[Start of Attachment]

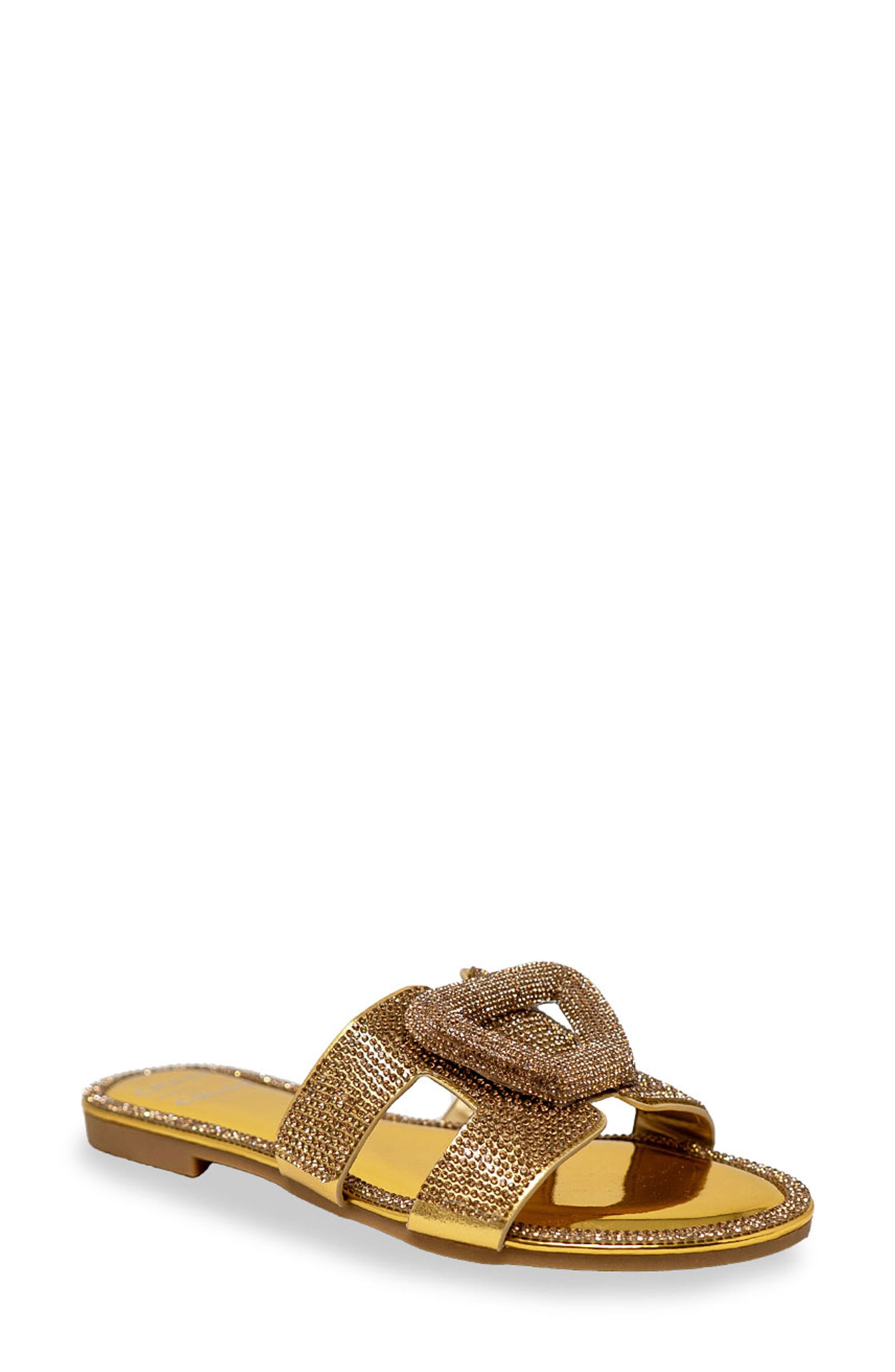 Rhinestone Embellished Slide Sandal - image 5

[End of Attachment]
[Start of Attachment]

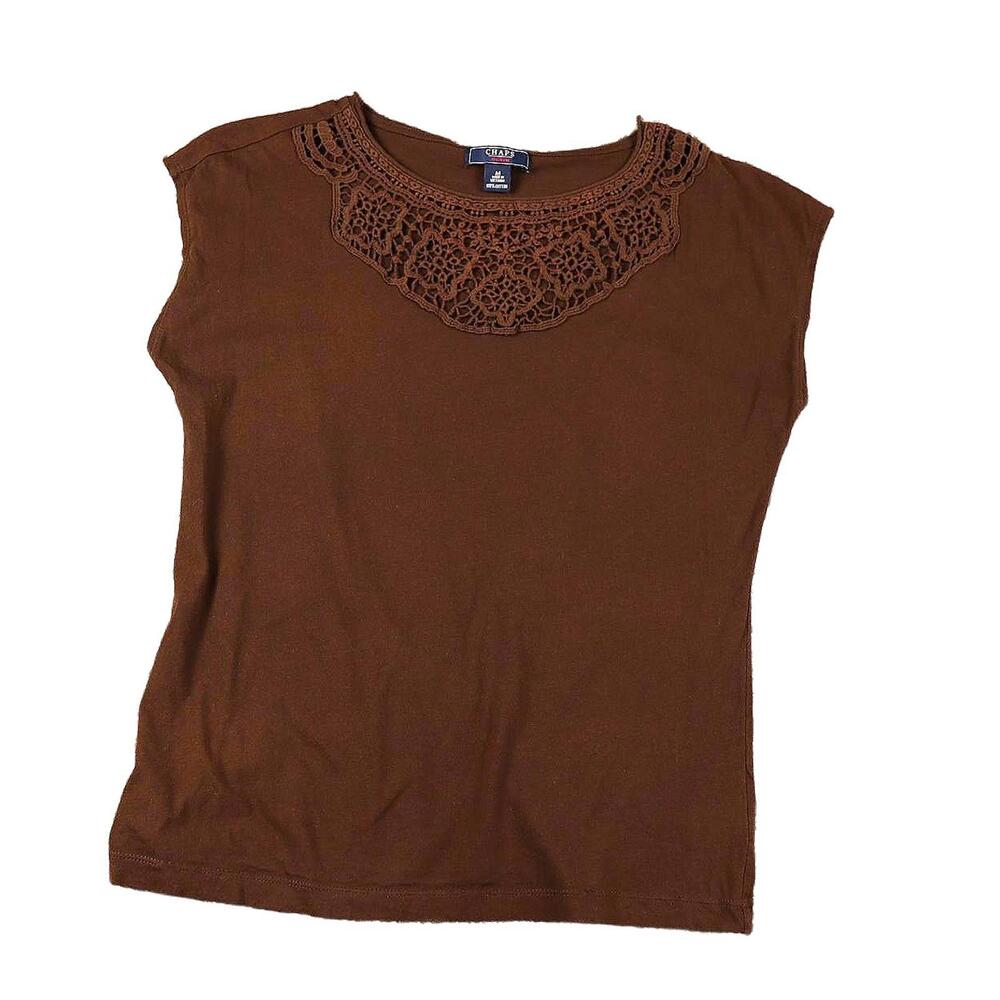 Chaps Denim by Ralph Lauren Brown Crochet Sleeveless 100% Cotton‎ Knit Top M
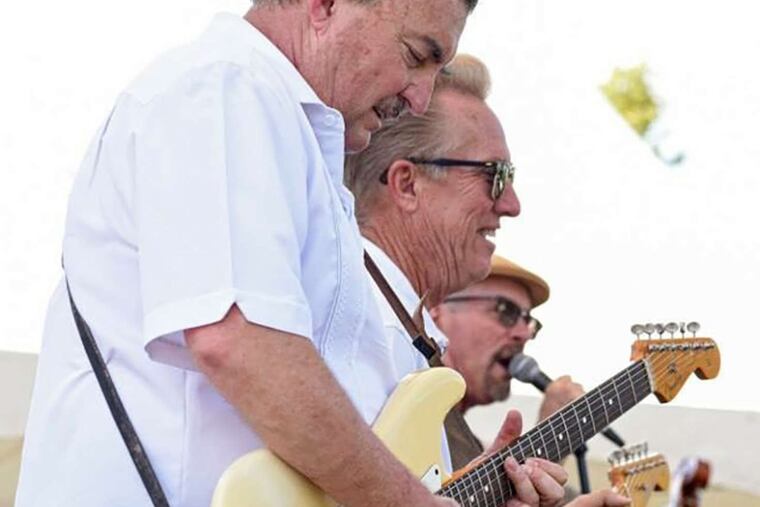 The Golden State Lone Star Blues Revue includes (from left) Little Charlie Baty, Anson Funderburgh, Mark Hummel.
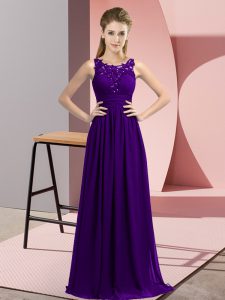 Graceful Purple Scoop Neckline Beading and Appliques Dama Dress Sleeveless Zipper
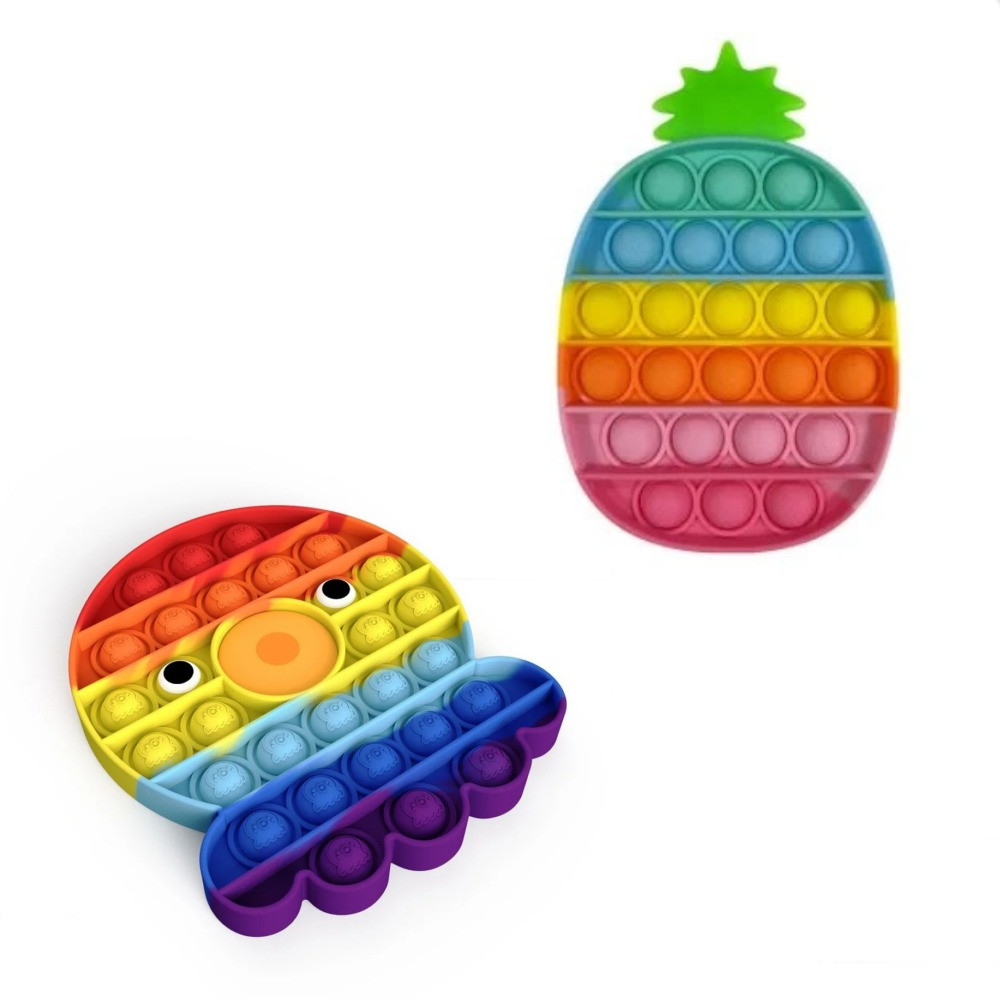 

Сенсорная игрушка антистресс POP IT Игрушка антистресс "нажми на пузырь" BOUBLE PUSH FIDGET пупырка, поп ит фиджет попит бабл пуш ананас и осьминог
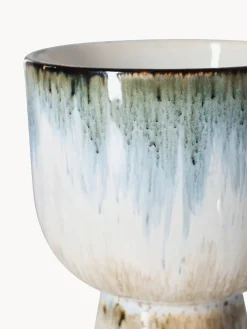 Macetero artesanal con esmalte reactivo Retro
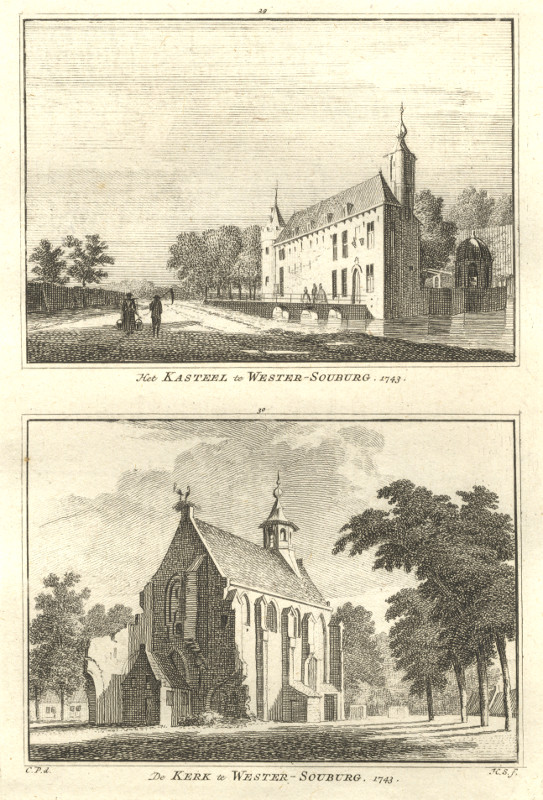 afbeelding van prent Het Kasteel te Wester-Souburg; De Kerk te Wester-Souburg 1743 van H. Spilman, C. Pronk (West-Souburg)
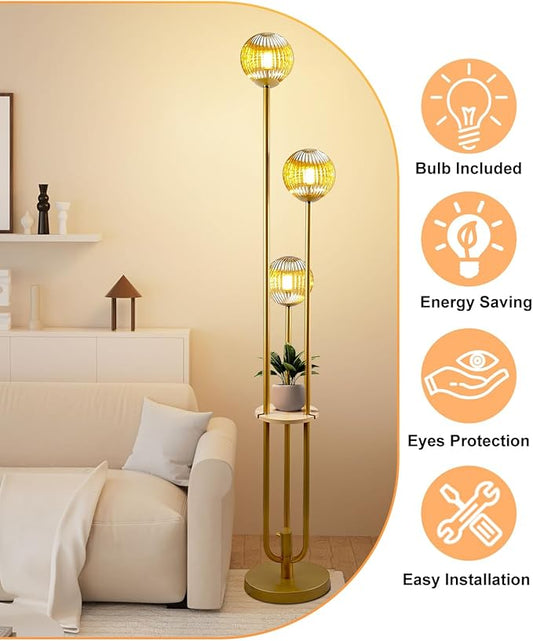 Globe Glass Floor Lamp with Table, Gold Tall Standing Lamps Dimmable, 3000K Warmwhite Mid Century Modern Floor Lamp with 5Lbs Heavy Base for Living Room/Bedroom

[End of Attachment]
[Start of Attachment]

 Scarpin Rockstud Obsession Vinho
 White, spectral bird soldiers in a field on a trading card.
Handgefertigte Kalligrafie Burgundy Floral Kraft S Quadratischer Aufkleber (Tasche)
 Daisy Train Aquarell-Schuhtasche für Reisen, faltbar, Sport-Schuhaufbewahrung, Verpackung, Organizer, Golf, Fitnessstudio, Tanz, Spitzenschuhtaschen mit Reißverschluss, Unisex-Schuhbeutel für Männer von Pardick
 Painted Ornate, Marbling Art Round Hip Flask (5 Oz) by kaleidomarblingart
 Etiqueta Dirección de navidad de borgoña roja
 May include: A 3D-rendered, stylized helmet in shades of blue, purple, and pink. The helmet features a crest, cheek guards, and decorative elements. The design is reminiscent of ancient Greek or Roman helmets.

[End of Attachment]

• [REQUIRED WORK]: Repeat exactly the lines above, beginning at the one containing "Chaps Denim by" and ending at the one containing "Globe Glass Floor". Do not carry over any pictures.

• [TASK ANSWER]:
 Chaps Denim by Ralph Lauren Brown Crochet Sleeveless 100% Cotton‎ Knit Top M
 The Golden State Lone Star Blues Revue includes (from left) Little Charlie Baty, Anson Funderburgh, Mark Hummel.
 Graceful Purple Scoop Neckline Beading and Appliques Dama Dress Sleeveless Zipper

Сенсорная игрушка антистресс POP IT Игрушка антистресс "нажми на пузырь" BOUBLE PUSH FIDGET пупырка, поп ит фиджет попит бабл пуш ананас и осьминог
 Macetero artesanal con esmalte reactivo Retro
 afbeelding van prent Het Kasteel te Wester-Souburg; De Kerk te Wester-Souburg 1743 van H. Spilman, C. Pronk (West-Souburg)
 Globe Glass Floor Lamp with Table, Gold Tall Standing Lamps Dimmable, 3000K Warmwhite Mid Century Modern Floor Lamp with 5Lbs Heavy Base for Living Room/Bedroom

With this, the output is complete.